2. Savings and investment
Many new entrepreneurs start after saving, investing, and then starting when their savings are ready to hatch. To get ahead, Metta says he “must get a stream of income as soon as possible.” Being strategic about the job or pursuit you choose can also put you on the right path to achieving your business goals.
“Let’s say you’re building a coffee company. Go to work at Starbucks to learn their systems so you can also earn some money through a day job. If you want to start a FinTech application, get a job at a VC, start in the mailroom. Do what you have to do to learn something that can impact your own business in a meaningful way,” he said. “Do this while you’re also gradually saving money to self-finance your business because the more you get your business up and running, the more capital you can keep and improve your business,” he continued.

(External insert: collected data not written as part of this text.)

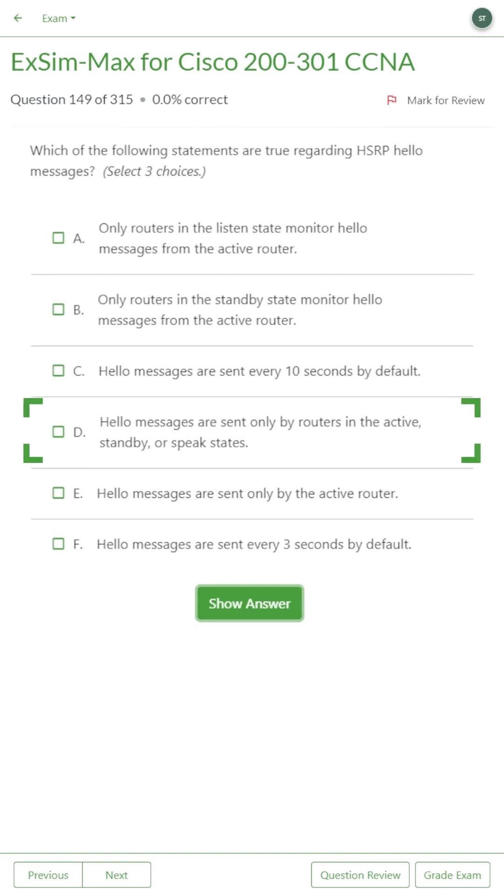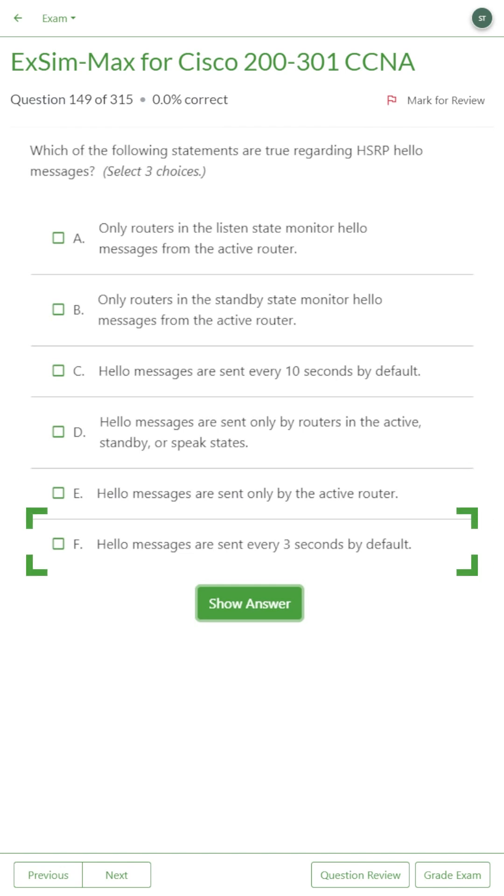D. Hello messages are sent only by routers in the active, standby or speak states. E. Hello messages are sent only by the active router. Or F. Hello messages are sent every three seconds by default.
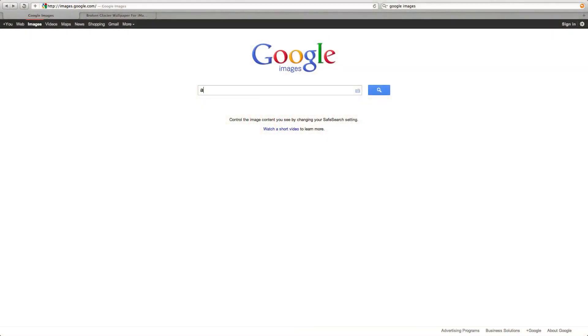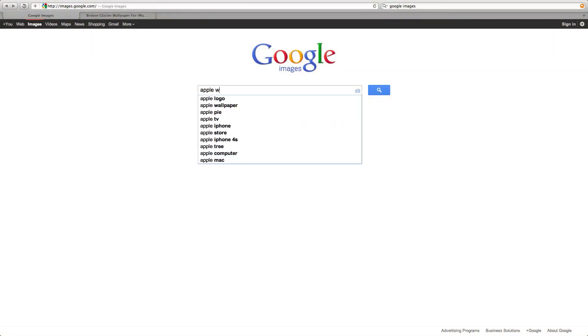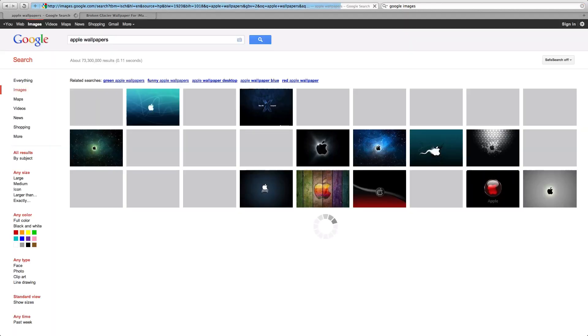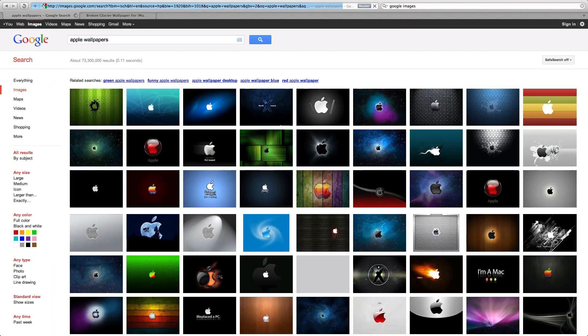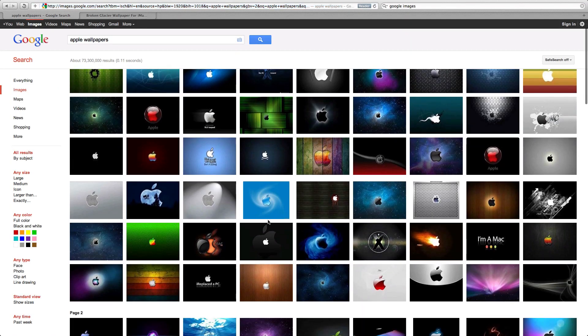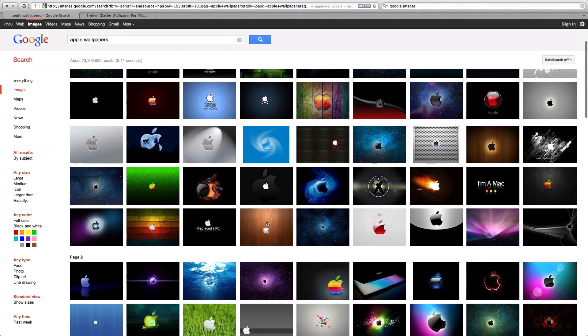Now where do I get all my Apple themed wallpapers? Well, you won't have to search too far — just go to Google Images and type in Apple wallpapers, and then you'll have hundreds of wallpapers to choose from.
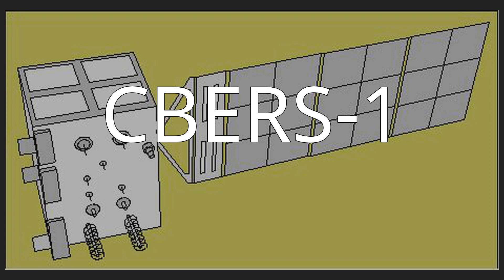A Changzheng-4B carrier rocket, operated by the China Academy of Launch Vehicle Technology, was used to launch CBERS-1. The launch took place at 3:15 UTC on 14 October 1999.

To survive, says Metta, you always need extra money. Selling digital products is a way to earn passive income to finance your startup. and selling high. “You can also save on payroll by paying your employees in shares, tokens, or even NFTs in addition to cash.” Finally, if you have digital assets, you can put your money to work by locking them into decentralized finance platforms for returns, but remember to be very careful about the platforms you choose because this option is very risky.
3. Build connections
“Building connections helps founders raise money,” says Metta. “If you don’t have connections, it will be difficult for you to get the start-up capital you need. Web3 provides the opportunity for platforms to decentralize the way money is raised.”
We live in a highly social world. With so many opportunities, it can be easy to make the right connections if you stay active and do your best to learn more. The most common way founders raise money when they don’t have connections to investors is by hiring seed investors and advisors who do. For example, in an island community like Silicon Valley, it’s less about how many people you know and more about who you know. You may know few people, but if you know the right people in venture capital, those relationships can go a long way. Having a consultant who can give vetted presentations is a common way to schedule kickoff meetings. Offer the advisor a small package of capital and they will work hard for many hours to open up your network and help secure valuable introductory meetings.
Even if the investor passes, you can always follow up to ask the investor if they would mind introducing you to another investor friend of yours who you think might be a better fit. Always research an investor’s portfolio of start-ups to understand the common themes, sectors and stage of investment that fit into that investor’s existing portfolio and what motivates them to invest. Also, remember to keep the dollar value range within your typical check size because if it’s outside of your typical range, then the chances of them going over are higher.
It is still early. Good ideas rise to the top. If you have innovative concepts in mind but don’t know how to integrate them into the traditional market, it may be time to start as an entrepreneur. Who knows, maybe Metta World Peace will invest in your company.